──────── Available data ────────

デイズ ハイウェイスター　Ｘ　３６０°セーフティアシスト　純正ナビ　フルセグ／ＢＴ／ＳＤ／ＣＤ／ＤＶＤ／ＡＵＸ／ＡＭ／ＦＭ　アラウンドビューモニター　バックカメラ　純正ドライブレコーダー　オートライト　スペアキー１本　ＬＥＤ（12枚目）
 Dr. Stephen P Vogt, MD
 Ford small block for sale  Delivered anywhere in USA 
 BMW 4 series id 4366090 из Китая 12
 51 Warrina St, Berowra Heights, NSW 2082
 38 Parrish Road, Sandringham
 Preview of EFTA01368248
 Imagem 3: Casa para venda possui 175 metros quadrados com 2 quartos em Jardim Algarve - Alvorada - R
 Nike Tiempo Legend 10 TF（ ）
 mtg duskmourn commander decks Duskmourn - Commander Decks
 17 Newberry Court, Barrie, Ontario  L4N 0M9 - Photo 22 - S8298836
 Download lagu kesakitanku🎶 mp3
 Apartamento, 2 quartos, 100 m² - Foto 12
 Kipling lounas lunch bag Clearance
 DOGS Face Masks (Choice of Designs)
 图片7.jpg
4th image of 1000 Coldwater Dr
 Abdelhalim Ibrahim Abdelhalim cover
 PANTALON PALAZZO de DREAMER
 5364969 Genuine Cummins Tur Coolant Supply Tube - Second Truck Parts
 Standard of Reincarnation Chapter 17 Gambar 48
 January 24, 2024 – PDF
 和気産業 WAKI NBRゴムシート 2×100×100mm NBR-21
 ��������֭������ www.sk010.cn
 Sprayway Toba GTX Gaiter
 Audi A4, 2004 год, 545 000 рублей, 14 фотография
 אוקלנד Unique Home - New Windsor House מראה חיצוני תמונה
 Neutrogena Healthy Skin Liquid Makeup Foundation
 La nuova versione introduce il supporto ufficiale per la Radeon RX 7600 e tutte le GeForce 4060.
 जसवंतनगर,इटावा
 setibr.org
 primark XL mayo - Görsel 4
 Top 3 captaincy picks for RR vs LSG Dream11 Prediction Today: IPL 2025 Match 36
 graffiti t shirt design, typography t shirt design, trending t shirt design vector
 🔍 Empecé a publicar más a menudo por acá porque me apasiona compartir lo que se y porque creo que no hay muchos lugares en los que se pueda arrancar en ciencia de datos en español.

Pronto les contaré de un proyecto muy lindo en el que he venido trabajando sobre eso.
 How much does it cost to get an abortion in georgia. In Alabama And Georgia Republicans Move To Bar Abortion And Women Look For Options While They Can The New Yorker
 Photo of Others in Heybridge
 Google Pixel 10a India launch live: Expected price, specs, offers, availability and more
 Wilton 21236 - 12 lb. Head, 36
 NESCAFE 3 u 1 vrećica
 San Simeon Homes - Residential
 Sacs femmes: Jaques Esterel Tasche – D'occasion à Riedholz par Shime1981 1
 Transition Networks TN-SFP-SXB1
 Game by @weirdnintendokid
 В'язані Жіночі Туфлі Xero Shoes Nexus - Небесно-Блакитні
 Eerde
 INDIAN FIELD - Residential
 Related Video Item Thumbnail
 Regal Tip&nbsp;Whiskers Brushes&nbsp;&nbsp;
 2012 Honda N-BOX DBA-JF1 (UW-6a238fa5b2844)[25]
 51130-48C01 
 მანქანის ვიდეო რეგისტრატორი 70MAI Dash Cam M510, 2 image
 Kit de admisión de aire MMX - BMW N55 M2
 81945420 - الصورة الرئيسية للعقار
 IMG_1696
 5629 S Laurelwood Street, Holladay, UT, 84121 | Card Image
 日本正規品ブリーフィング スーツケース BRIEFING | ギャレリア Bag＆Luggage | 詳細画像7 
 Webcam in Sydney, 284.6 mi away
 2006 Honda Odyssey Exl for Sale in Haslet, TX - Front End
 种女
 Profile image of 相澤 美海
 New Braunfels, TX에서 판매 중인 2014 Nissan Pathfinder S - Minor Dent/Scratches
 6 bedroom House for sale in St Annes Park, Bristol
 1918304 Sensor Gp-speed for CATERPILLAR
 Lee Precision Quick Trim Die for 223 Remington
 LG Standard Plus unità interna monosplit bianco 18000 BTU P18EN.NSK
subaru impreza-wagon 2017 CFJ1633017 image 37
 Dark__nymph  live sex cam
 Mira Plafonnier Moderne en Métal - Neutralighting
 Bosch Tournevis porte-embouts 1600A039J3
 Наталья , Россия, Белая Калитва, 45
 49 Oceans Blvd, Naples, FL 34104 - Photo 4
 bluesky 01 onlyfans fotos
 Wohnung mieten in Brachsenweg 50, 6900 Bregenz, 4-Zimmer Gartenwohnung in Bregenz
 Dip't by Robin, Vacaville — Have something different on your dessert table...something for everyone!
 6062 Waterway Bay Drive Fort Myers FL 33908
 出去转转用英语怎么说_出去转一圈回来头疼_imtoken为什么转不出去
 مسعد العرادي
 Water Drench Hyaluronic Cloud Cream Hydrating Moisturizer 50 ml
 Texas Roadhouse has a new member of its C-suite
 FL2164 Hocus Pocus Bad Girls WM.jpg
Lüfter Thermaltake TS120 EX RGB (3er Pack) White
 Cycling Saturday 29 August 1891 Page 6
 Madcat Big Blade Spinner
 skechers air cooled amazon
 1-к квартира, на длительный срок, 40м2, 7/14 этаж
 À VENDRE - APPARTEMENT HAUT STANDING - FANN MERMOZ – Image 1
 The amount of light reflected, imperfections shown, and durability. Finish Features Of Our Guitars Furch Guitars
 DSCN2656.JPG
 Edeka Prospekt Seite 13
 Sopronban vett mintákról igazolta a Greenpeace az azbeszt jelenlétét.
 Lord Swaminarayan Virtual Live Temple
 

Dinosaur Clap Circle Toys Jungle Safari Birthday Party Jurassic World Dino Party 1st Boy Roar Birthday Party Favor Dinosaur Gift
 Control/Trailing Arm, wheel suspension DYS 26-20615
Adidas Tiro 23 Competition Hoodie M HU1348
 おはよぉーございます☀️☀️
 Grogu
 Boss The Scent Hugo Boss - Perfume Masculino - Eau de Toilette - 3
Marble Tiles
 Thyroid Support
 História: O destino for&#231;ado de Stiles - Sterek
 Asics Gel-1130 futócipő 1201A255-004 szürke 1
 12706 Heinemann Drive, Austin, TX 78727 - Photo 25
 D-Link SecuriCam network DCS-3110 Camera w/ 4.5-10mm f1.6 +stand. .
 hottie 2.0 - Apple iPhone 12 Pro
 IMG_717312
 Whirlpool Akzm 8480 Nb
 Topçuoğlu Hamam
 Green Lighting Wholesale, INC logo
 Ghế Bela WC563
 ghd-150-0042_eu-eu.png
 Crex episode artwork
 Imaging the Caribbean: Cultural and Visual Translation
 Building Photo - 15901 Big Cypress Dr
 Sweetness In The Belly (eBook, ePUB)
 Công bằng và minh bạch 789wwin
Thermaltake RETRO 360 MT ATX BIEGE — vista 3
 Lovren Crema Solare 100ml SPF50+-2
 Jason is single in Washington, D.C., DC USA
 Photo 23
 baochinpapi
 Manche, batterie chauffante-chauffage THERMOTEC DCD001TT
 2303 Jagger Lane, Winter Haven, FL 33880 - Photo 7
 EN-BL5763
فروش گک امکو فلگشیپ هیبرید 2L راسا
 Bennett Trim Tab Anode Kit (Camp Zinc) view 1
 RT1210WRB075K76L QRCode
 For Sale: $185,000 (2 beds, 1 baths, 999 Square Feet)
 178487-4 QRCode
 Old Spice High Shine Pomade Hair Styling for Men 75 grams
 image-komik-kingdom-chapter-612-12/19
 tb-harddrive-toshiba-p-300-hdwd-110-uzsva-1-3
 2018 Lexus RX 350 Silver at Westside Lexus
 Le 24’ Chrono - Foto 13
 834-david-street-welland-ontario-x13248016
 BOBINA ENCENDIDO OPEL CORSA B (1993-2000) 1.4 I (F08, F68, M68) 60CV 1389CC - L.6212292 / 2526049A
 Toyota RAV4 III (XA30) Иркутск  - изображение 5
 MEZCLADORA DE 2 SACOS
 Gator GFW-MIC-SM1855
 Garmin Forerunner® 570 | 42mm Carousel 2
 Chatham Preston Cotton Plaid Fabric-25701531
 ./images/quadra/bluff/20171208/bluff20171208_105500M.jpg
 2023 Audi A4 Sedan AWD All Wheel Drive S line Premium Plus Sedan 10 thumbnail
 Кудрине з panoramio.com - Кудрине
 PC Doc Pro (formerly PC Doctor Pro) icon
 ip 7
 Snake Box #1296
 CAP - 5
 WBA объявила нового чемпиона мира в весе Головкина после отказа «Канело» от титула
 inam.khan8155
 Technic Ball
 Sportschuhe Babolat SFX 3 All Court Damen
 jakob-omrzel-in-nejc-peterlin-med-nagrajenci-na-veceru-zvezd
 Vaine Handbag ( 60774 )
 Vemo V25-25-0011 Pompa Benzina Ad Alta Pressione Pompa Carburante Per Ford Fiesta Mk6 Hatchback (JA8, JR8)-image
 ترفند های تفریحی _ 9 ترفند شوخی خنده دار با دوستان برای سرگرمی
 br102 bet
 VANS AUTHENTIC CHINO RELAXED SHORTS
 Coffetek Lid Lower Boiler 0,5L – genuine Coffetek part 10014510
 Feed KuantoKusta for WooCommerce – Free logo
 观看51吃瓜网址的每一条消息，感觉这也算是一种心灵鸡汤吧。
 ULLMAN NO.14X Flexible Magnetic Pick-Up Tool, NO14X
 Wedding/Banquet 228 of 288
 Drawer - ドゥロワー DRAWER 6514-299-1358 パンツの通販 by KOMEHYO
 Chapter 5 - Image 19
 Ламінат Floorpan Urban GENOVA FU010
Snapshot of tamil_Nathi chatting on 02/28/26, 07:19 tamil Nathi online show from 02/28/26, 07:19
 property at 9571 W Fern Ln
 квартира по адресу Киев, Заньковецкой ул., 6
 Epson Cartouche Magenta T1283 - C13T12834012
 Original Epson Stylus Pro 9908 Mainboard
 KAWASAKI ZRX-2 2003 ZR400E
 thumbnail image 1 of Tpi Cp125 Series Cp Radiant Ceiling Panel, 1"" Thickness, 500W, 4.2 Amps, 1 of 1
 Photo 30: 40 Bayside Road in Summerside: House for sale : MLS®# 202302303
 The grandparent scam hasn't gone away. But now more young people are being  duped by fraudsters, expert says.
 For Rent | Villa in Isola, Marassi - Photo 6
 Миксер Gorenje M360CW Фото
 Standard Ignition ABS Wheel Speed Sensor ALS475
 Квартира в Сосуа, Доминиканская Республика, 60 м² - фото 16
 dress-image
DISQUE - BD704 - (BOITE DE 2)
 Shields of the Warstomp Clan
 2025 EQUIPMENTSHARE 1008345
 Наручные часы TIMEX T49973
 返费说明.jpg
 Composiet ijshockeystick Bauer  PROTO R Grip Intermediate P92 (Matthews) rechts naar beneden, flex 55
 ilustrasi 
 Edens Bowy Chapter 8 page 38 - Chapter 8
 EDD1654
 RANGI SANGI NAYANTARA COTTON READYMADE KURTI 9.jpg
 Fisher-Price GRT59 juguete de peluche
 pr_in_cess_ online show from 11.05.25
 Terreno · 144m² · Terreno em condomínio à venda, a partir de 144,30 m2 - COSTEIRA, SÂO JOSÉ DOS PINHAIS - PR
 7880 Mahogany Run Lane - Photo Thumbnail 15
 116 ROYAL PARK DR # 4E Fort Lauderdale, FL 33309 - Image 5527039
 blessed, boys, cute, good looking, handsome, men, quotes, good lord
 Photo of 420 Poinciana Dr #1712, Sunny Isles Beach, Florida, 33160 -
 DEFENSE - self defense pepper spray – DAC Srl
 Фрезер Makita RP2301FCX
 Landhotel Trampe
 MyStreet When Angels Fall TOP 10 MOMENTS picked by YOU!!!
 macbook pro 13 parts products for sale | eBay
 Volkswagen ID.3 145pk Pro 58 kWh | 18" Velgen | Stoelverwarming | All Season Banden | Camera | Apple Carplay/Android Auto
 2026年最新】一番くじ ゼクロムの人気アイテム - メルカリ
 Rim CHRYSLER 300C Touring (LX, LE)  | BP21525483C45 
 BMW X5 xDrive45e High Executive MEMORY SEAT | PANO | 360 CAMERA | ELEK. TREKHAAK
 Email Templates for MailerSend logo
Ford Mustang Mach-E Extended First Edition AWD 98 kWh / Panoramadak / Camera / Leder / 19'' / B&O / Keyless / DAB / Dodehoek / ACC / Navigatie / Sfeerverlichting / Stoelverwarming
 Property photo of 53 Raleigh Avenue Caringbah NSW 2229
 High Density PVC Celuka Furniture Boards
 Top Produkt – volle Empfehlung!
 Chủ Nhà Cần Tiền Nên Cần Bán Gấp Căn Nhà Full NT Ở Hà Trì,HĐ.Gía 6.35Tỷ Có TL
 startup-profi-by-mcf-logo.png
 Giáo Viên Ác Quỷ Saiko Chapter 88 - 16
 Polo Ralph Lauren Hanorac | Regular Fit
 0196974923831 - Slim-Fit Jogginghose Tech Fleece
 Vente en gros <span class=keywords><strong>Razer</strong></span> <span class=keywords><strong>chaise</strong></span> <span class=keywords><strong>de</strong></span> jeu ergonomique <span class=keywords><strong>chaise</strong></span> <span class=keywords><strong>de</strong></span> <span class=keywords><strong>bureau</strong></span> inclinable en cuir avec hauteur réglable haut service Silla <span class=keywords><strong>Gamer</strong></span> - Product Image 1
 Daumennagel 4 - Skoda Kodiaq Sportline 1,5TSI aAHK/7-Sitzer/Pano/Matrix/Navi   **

────────

Activity => Only the lines from the beginning of the material through the line with "San Simeon Homes - Residential" should appear in the answer, each copied exactly.

Answer to this task =>
デイズ ハイウェイスター　Ｘ　３６０°セーフティアシスト　純正ナビ　フルセグ／ＢＴ／ＳＤ／ＣＤ／ＤＶＤ／ＡＵＸ／ＡＭ／ＦＭ　アラウンドビューモニター　バックカメラ　純正ドライブレコーダー　オートライト　スペアキー１本　ＬＥＤ（12枚目）
 Dr. Stephen P Vogt, MD
 Ford small block for sale  Delivered anywhere in USA 
 BMW 4 series id 4366090 из Китая 12
 51 Warrina St, Berowra Heights, NSW 2082
 38 Parrish Road, Sandringham
 Preview of EFTA01368248
 Imagem 3: Casa para venda possui 175 metros quadrados com 2 quartos em Jardim Algarve - Alvorada - R
 Nike Tiempo Legend 10 TF（ ）
 mtg duskmourn commander decks Duskmourn - Commander Decks
 17 Newberry Court, Barrie, Ontario  L4N 0M9 - Photo 22 - S8298836
 Download lagu kesakitanku🎶 mp3
 Apartamento, 2 quartos, 100 m² - Foto 12
 Kipling lounas lunch bag Clearance
 DOGS Face Masks (Choice of Designs)
 图片7.jpg
4th image of 1000 Coldwater Dr
 Abdelhalim Ibrahim Abdelhalim cover
 PANTALON PALAZZO de DREAMER
 5364969 Genuine Cummins Tur Coolant Supply Tube - Second Truck Parts
 Standard of Reincarnation Chapter 17 Gambar 48
 January 24, 2024 – PDF
 和気産業 WAKI NBRゴムシート 2×100×100mm NBR-21
 ��������֭������ www.sk010.cn
 Sprayway Toba GTX Gaiter
 Audi A4, 2004 год, 545 000 рублей, 14 фотография
 אוקלנד Unique Home - New Windsor House מראה חיצוני תמונה
 Neutrogena Healthy Skin Liquid Makeup Foundation
 La nuova versione introduce il supporto ufficiale per la Radeon RX 7600 e tutte le GeForce 4060.
 जसवंतनगर,इटावा
 setibr.org
 primark XL mayo - Görsel 4
 Top 3 captaincy picks for RR vs LSG Dream11 Prediction Today: IPL 2025 Match 36
 graffiti t shirt design, typography t shirt design, trending t shirt design vector
 🔍 Empecé a publicar más a menudo por acá porque me apasiona compartir lo que se y porque creo que no hay muchos lugares en los que se pueda arrancar en ciencia de datos en español.

Pronto les contaré de un proyecto muy lindo en el que he venido trabajando sobre eso.
 How much does it cost to get an abortion in georgia. In Alabama And Georgia Republicans Move To Bar Abortion And Women Look For Options While They Can The New Yorker
 Photo of Others in Heybridge
 Google Pixel 10a India launch live: Expected price, specs, offers, availability and more
 Wilton 21236 - 12 lb. Head, 36
 NESCAFE 3 u 1 vrećica
 San Simeon Homes - Residential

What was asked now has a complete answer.